Les Solosimpi ne demeurèrent pas à Kôr mais dans les rochers de la côte. Ulmo s’assit au milieu d’eux et leur enseigna sa science. Ils jouaient de la musique reprenant le bruit des vagues. Les Teleri, eux, jouèrent pour les Valar. Les Noldoli se joignirent souvent à eux et se firent aimer par Salmar et Aulë. Ils peignèrent et sculptèrent si bien que Valmar devint encore plus belle sous leurs yeux.
Les Noldoli instruits par Aulë œuvraient en secret avec des joyaux que les Dieux leur avaient donnés et des perles des Solosimpi : ce fut ainsi qu’ils façonnèrent les premières gemmes. Ils fabriquèrent aussi des cristaux, des chrysophales, des topazes, des grenats, des émeraudes, des saphirs, des améthystes, des pierres de lune, des béryls, de l’onyx et des agates. Fëanor se rendit chez les Solosimpi et ils lui donnèrent leurs plus grosses perles de même qu’une urne remplie de lumière phosphorescente. Il utilisa plusieurs autres gemmes et y mêla la lumière de Silpion et de Laurelin, créant ainsi trois joyaux qui brillaient par eux-mêmes. Il les nomma Silmarilli et ils illuminèrent Kôr.

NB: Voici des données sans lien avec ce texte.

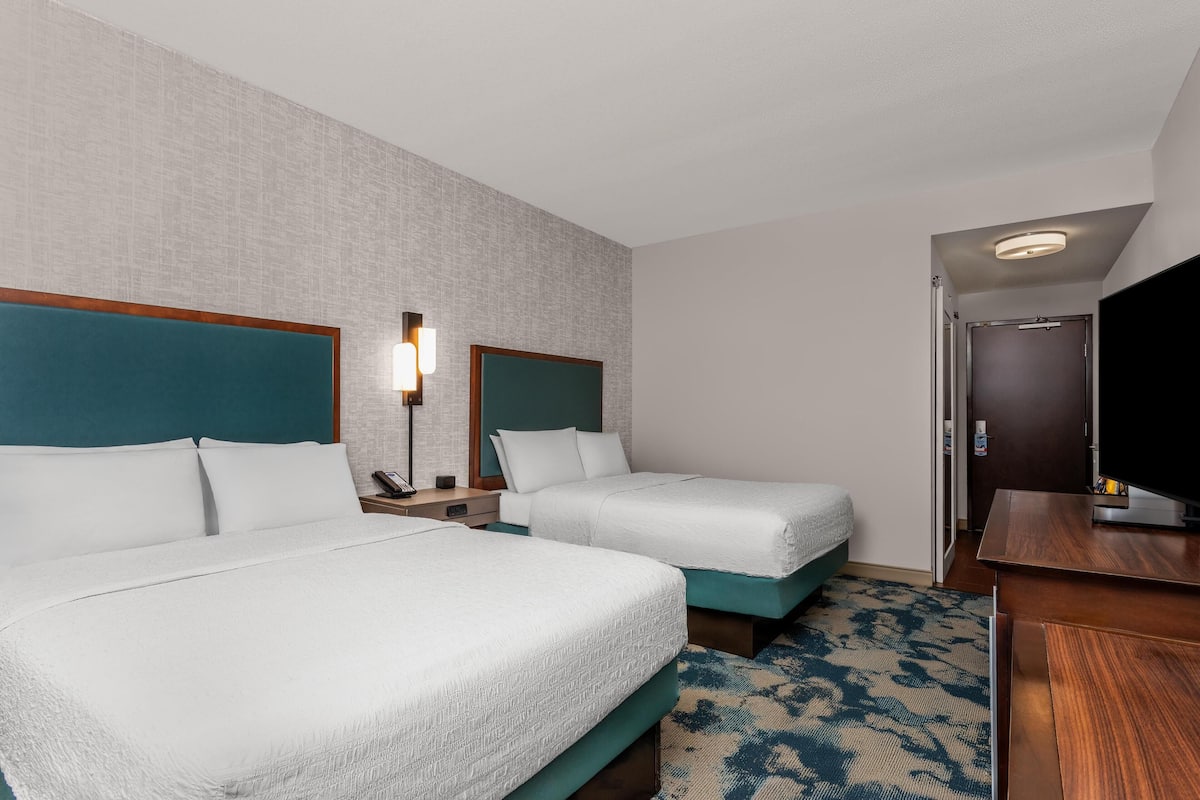 A hotel room with two beds, a desk, a TV, and a door leading to a bathroom.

Le peuple des Eldar était dans sa plus grande gloire et jamais la lumière de Valinor ne fut aussi belle. Seul Ossë n’y demeurait pas. Il vivait au milieu des joyaux abandonnés par les Solosimpi, parmi les rochers d’Eldamar et ses palais restèrent longtemps vides.
A la fin de son récit, Meril invita Eriol à retourner d’où il venait, ce qu’il fit après qu’elle lui ait dit avoir rallongé ce conte par amour pour ces jours bienheureux.